That is the product I used, but didn't do as well as you.  Mine came up in big thick chunks.  I wondered if I had put it on too thick.  I never saw so many cracks as I got after using this product.  
I did like the way it went on.   Looked like a bucket of gel that melted as soon as I started to spread it around.


----------



## milleo (Jul 17, 2012)

save$ said:


> That is the product I used, but didn't do as well as you. Mine came up in big thick chunks. I wondered if I had put it on too thick. I never saw so many cracks as I got after using this product.
> I did like the way it went on. Looked like a bucket of gel that melted as soon as I started to spread it around.


Mine said "No Stir" but I had to stir the crap out of it. And no I didn't put it on thick...You did all the prep work and I only swept mine off....I got Lucky?


----------



## Eatonpcat (Jul 17, 2012)

DexterDay said:


> Keeping it coated also keeps it looking new and protecting the minor cracks from getting to large...
> 
> My driveway is almost a "grey" now. Where it looks black and brand new after coating.
> 
> ...


 
Told you yer gettin' lazy Mad Dog!


----------



## btuser (Jul 17, 2012)

save$ said:


> That is the product I used, but didn't do as well as you. Mine came up in big thick chunks. I wondered if I had put it on too thick. I never saw so many cracks as I got after using this product.
> I did like the way it went on. Looked like a bucket of gel that melted as soon as I started to spread it around.


 

A couple reasons it may have come up. You may have put it down too thick (it's a lot like paint) so when it dried it cracked and didn't really bond with the pavement but flaked itself off. I'm not sure, but I think it also matters what else you've put down, so if you've sealed over coal-tar vs asphalt you may get a bonding issue.

It makes it look pretty, and will seal minor cracks. But if you've got cracks it's because the base has shifted not because the top has worn out.


----------



## save$ (Jul 17, 2012)

btuser said:


> A couple reasons it may have come up. You may have put it down too thick (it's a lot like paint) so when it dried it cracked and didn't really bond with the pavement but flaked itself off. I'm not sure, but I think it also matters what else you've put down, so if you've sealed over coal-tar vs asphalt you may get a bonding issue.
> 
> It makes it look pretty, and will seal minor cracks. But if you've got cracks it's because the base has shifted not because the top has worn out.
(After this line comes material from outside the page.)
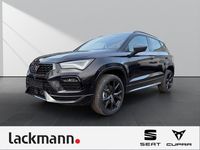 Neu Cupra Ateca 150 PS (110 kW) 2026 SUV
The original was HD's basic grade (1 of 3).  I bought the next grade up, the "airport" grade.  I think it went on too thick.  When it dried, it had hundreds of  surface cracks.   
After I pressure clean it this time, I am going to use a thiner product.   I would be better off with two thin layers.  live and learn.   I've collected my share of bumps along the way.


----------



## save$ (Jul 19, 2012)

Went to Lowes, got the basic grade.  Read a lot of reviews,  the sum of it was not to waste your money on the super grades. After the failure of the expensive stuff, why not get the same stuff the contractors use.  Did the prep,  pressure wash,  did all the edging. Filled the cracks.  Then the wife and I put down 7 of those 5 gallon buckets. This stuff didn't stink anywhere near so bad as the last stuff did.  Says two coats, but I will be planning on everyother year, so one coat is fine with me.  If you take your time, even an old over weight geezer like me can do it.   I saved nearly $200 by doing it ourselves.


----------



## DexterDay (Jul 19, 2012)

save$ said:


> Went to Lowes, got the basic grade.  Read a lot of reviews,  the sum of it was not to waste your money on the super grades. After the failure of the expensive stuff, why not get the same stuff the contractors use.  Did the prep,  pressure wash,  did all the edging. Filled the cracks.  Then the wife and I put down 7 of those 5 gallon buckets. This stuff didn't stink anywhere near so bad as the last stuff did.  Says two coats, but I will be planning on everyother year, so one coat is fine with me.  If you take your time, even an old over weight geezer like me can do it.   I saved nearly $200 by doing it ourselves.



How long and wide is your Drive? Did you use more than than the buckets state?


----------



## save$ (Jul 20, 2012)

DexterDay said:


> How long and wide is your Drive? Did you use more than than the buckets state?


About 90 at the longest part an 40 at the widest, but that is misleading because it is only that wide for about 40 feet.
Had I paid for this to be done I would have been upset with the results. Lots of brush strokes etc. but because we did it, I am happy to have it done!


----------



## Eatonpcat (Jul 21, 2012)

Looks great, Kudos to you and the Mrs.


----------